A few weeks ago, Caesars Entertainment placed its largest operating unit, the bankrupt Caesars Entertainment Operating Company (COE), up for sale. So far, no one is rushing to buy it, even though the package of assets up for sale consists of 38 casino properties—including the famous Caesars Palace in Las Vegas.
However, Reuters reported last week that buyers are staying away not because of what is included in the package for sale, but what is not included—ownership and control of the highly regarded Total Rewards national loyalty program and its database of 45 million gamblers.
“It’s difficult to imagine a third party coming along and bidding for the assets without Total Rewards,” Fitch Ratings analyst Alex Bumazhny told Reuters. “And the fact that the company is still in a complex, litigious bankruptcy could complicate matters.”

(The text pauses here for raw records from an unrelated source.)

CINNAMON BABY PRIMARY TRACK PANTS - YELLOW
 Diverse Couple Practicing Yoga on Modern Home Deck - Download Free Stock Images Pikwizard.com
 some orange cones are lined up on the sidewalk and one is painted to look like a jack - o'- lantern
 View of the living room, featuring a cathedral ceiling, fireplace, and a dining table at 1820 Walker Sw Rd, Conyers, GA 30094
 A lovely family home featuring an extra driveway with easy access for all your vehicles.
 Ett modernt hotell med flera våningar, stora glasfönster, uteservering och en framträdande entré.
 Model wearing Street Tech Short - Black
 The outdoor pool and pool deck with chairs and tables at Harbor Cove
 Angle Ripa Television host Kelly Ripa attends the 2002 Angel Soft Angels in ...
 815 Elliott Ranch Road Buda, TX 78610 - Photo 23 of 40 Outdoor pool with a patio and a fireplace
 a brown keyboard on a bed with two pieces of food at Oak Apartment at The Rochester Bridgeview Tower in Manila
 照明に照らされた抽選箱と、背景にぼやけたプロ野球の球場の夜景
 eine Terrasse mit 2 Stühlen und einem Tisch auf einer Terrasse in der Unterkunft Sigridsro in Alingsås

The bankruptcy process is mired in litigation from junior-level creditors as CEOC continues to negotiate with bondholders to gain acceptance of a restructuring plan that would shave $10 billion off the unit’s $18 billion in debt.
The proposed sale has reportedly angered junior-level creditors, whose support is vital to Caesars’ restructuring plan being approved by U.S. Bankruptcy Judge A. Benjamin Goldgar. The judge recently granted CEOC a four-month extension to the deadline for submitting its final restructuring plan. Caesars has until March 15 to convince enough creditors to support the plan.